▶ _DATA FOR THE TASK_:
[Start of Attachment]

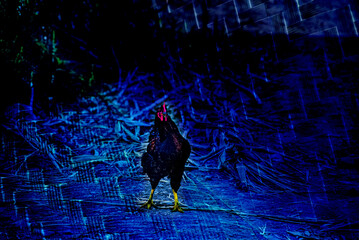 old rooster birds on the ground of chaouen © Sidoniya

[End of Attachment]
[Start of Attachment]

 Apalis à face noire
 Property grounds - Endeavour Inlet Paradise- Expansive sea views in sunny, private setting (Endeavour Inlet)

[End of Attachment]

Given the records above, reproduce precisely and only the lines between the line holding "Apalis à face noire" and the line holding "Property grounds - Endeavour", inclusive.

▶ _TASK RESPONSE_:
 Apalis à face noire
 Property grounds - Endeavour Inlet Paradise- Expansive sea views in sunny, private setting (Endeavour Inlet)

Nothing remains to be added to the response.